Photo by Mario Tama/Getty Images

The Australian dollar fell heavily overnight, weighed down by a resurgent greenback following a raft of strong US economic data.

Here’s the scoreboard as at 7am AEST.

AUD/USD 0.7899 , -0.0048 , -0.60%
AUD/JPY 87.07 , -0.14 , -0.16%
AUD/CNH 5.2118 , -0.0388 , -0.74%
AUD/EUR 0.6648 , 0.0011 , 0.17%
AUD/GBP 0.6112 , -0.0038 , -0.62%
AUD/NZD 1.0971 , 0.0023 , 0.21%
AUD/CAD 0.9967 , 0.0023 , 0.23%

After threatening to break above the 80 cent level in Asia following the release of Australian building approvals and construction spending figures which both beat expectation, the AUD/USD gave back all those gains and more in overnight trade as the US dollar strengthened.

The catalyst for the greenback’s gains was the release of strong US economic data during the session.

US Q2 GDP was revised up to a seasonally adjusted annual rate of 3.0%, exceeding expectations for a smaller increase of 2.7%, with consumer and business spending both coming in stronger than what was previously reported.

Ahead of this Friday’s US non-farm payrolls report, there was also good news on the labour market front with the ADP National Employment Report showing an increase in private-sector payrolls of 237,000 during August, easing surpassing forecasts for a smaller gain of 183,000.

It was the strongest increase in hiring reported in five months.

The strong data, assisted by stretched short positioning and renewed chatter than the European Central Bank may act to talk down the euro after its recent surge, also helped to underpin the US dollar’s rally.

As the largest component in the US dollar index, any weakness in the euro tends to see the USD strengthen against most major currency pairs, including the Australian dollar.

As a result, the AUD/USD fell to as low as .7888 before eventually closing the session at .7904.

AUD/USD Hourly Chart

There was little market reaction to a speech from Donald Trump on tax reform that delivered little in the way of new information. Nor did the markets react much to this tweet from Trump earlier in the session in relation to North Korea.

In what was a rarity, at least in recent months, traders saw little reason to sell the US dollar on Wednesday.

Whether that trend continues will likely be determined by the steady flow of economic data scheduled for release on Thursday.

In Australia, markets will receive another input into next week’s Q2 GDP release with private business capital expenditure figures out at 11.30am AEST.

This 10-second guide has further information on what to look out for if you’re trading around the release.

The Reserve Bank of Australia will also release private sector credit figures for July with most interest likely to fall on the split between owner-occupier and investor housing credit growth. It too will be released at 11.30am AEST.

Before those events arrive, China will also release manufacturing, non-manufacturing and steel industry purchasing managers indices (PMIs) at 11am AEST.

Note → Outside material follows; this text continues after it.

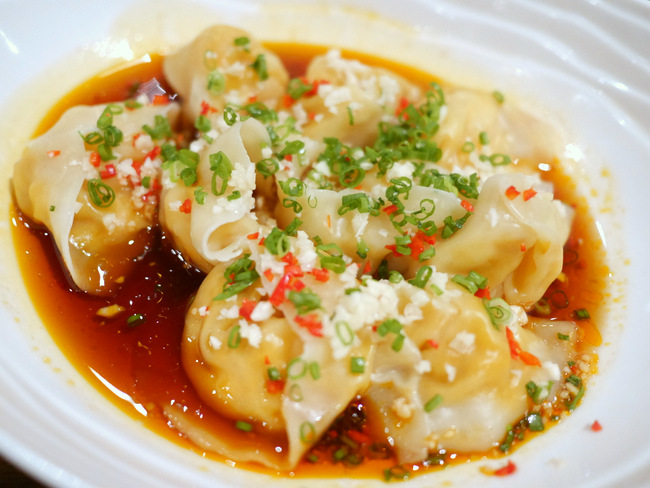 Poached Dumplings with Fresh Prawns, Hairy Crab Meat and Roe in Chilli Oil (S.80/3 Pieces).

Later in the session, data highlights include German retail sales and unemployment figures, eurozone CPI and unemployment, Italian CPI, Canadian GDP and personal consumption and income figures from the US, including all-important core PCE inflation for July, the US Fed’s preferred measure on gauging price pressures.

A modest increase of 0.1% is expected.

Weekly jobless claims and the Chicago PMI will also be released in the US.